To build on this initial progress, the Matchmaker Exchange project plans to finalize the API in  conjunction with the GA4GH Data Working Group and to develop guidance for groups without a  database wishing to choose a site for data deposition and matchmaking support. 

Matchmaker next steps:

  • Finalize API for database queries
  • Develop guidance for groups without a database seeking matchmaking support

BEACON PROJECT

Steve Sherry (National Center for Biotechnology Information) presented the accomplishments of  the Beacon Project, a project first proposed at the Alliance’s March 2014 plenary meeting as a way  to demonstrate the leadership, institutional permission, and technical ability to share data. Beacons  also show where data is present, and where gaps in mapping may need to be addressed.  

Sherry noted that since the initial proposal in March 2014, fifteen beacons are now active around the  world, with more to come. The beacons themselves are an API query that indicates if a simple allele  is present in an affiliated institution’s data repository, and the group announced it will soon release a Beacon of Beacons, in which a single beacon query searches each database in a federation of  repositories. Sherry issued a call to the Alliance community to join in the project to link additional  dozens and hundreds of data repositories to the effort.

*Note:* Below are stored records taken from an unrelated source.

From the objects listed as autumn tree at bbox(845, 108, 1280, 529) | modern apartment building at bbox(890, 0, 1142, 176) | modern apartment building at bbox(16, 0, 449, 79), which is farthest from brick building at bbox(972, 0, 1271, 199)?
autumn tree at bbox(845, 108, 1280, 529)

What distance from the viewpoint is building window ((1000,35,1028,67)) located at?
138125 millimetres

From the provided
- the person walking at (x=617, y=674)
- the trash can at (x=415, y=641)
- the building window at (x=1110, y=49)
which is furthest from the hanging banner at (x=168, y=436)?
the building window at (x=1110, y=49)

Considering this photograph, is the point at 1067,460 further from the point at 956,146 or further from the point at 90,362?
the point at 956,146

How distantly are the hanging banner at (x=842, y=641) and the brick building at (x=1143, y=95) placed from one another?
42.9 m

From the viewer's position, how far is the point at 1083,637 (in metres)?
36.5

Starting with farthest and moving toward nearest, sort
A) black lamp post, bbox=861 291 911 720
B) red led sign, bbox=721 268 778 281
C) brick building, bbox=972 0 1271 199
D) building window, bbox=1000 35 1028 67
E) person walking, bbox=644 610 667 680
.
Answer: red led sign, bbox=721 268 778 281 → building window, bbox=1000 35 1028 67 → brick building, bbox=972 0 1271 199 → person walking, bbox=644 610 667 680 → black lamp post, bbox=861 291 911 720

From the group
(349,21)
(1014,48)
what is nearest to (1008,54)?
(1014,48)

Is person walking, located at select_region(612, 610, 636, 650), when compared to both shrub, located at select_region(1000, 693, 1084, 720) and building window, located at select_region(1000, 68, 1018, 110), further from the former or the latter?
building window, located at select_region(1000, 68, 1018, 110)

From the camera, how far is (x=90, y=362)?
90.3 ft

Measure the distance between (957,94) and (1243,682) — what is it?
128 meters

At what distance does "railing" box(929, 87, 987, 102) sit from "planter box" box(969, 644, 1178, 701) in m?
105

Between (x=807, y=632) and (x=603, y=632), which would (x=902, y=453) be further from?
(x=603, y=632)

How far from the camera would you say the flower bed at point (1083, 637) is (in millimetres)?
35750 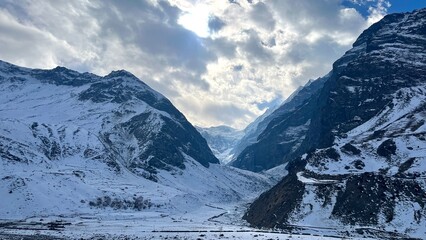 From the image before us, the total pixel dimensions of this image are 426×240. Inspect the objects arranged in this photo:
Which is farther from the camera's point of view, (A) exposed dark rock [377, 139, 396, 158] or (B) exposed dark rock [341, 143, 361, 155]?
(B) exposed dark rock [341, 143, 361, 155]

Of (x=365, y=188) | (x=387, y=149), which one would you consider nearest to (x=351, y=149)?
(x=387, y=149)

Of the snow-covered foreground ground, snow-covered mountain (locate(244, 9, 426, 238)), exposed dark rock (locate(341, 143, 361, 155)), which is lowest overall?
the snow-covered foreground ground

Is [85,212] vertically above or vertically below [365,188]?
below

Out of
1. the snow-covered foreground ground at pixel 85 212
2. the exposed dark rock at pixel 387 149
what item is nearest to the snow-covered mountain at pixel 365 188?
the exposed dark rock at pixel 387 149

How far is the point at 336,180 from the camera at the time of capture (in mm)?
113312

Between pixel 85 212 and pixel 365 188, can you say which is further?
pixel 85 212

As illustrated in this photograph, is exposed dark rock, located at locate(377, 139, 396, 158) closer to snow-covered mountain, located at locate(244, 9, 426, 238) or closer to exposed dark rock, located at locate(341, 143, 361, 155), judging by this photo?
snow-covered mountain, located at locate(244, 9, 426, 238)

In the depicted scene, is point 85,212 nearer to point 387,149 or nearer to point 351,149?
point 351,149

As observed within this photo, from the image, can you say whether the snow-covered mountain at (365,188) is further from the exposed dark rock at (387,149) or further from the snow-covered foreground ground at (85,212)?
the snow-covered foreground ground at (85,212)

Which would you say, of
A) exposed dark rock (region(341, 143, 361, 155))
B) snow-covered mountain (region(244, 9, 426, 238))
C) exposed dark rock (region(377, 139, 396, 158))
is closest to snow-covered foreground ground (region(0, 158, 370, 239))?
snow-covered mountain (region(244, 9, 426, 238))

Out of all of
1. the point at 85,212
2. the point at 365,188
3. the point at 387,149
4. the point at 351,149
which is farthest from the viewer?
the point at 351,149

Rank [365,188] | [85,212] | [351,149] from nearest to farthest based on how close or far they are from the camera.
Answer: [365,188]
[85,212]
[351,149]

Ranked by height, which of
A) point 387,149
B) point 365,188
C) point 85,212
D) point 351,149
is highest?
point 387,149

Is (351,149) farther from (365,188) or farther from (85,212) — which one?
(85,212) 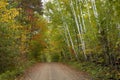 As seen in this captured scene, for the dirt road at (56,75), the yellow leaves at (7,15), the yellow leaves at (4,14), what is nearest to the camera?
the dirt road at (56,75)

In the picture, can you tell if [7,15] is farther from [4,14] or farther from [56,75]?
[56,75]

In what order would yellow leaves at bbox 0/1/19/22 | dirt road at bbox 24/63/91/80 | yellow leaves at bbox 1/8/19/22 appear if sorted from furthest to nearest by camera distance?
yellow leaves at bbox 1/8/19/22
yellow leaves at bbox 0/1/19/22
dirt road at bbox 24/63/91/80

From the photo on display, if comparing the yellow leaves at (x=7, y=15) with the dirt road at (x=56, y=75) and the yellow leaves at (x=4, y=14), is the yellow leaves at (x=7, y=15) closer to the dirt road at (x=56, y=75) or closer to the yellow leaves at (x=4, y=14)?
the yellow leaves at (x=4, y=14)

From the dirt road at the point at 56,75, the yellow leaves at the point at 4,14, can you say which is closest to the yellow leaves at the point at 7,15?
the yellow leaves at the point at 4,14

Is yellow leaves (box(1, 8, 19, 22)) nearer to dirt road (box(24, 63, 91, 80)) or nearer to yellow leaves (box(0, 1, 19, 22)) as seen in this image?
yellow leaves (box(0, 1, 19, 22))

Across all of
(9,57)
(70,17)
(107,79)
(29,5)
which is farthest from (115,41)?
(29,5)

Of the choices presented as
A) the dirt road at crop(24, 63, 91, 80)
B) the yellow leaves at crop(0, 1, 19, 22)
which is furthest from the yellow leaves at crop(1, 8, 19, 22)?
the dirt road at crop(24, 63, 91, 80)

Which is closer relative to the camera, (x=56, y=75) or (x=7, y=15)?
(x=7, y=15)

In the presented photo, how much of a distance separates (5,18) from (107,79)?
25.7 ft

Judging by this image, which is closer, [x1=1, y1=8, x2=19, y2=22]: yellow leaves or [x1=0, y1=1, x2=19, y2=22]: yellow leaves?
[x1=0, y1=1, x2=19, y2=22]: yellow leaves

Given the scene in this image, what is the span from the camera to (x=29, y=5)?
30391 mm

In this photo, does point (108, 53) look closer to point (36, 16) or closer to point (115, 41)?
Result: point (115, 41)

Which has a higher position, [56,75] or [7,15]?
[7,15]

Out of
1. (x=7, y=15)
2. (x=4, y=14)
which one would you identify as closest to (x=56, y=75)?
(x=7, y=15) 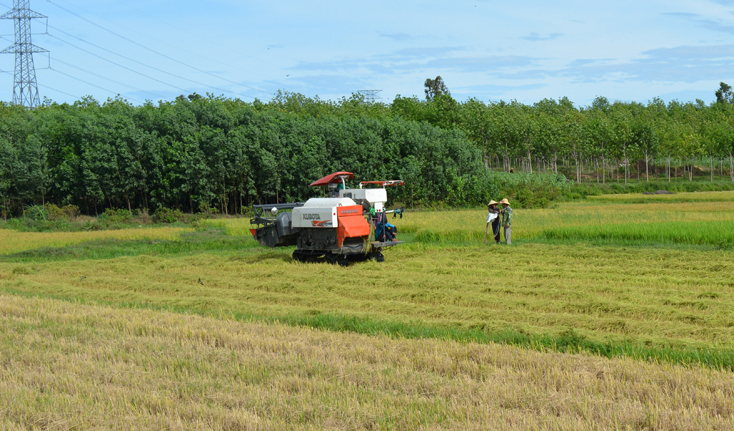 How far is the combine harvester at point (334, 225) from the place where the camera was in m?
16.7

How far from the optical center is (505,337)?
877 cm

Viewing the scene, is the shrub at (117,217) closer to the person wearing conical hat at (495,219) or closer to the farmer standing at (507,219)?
the person wearing conical hat at (495,219)

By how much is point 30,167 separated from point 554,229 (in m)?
37.2

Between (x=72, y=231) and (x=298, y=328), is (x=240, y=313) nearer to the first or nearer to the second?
(x=298, y=328)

The Beacon Project is also collaborating with  data repositories to finely tune beacon queries to adhere to individual repository concerns about data  sensitivity or consent requirements.

Overall, the Beacon Project has established three  tiers of beacon queries, based on the strength of  an affiliation between users and data repositories.  The most basic relationship is with an anonymous  user who can gain access to genomic information  that can be provided without privacy concerns.  Sherry mentioned that users who provide a verifiable name and institutional affiliation may  access additional genomic information that may  be scientifically useful, and in the final case, a

user may enter into a binding agreement for access to one or more specific datasets, including the  commitment to abide by clear and robust privacy standards, and gain full access to the relevant data.  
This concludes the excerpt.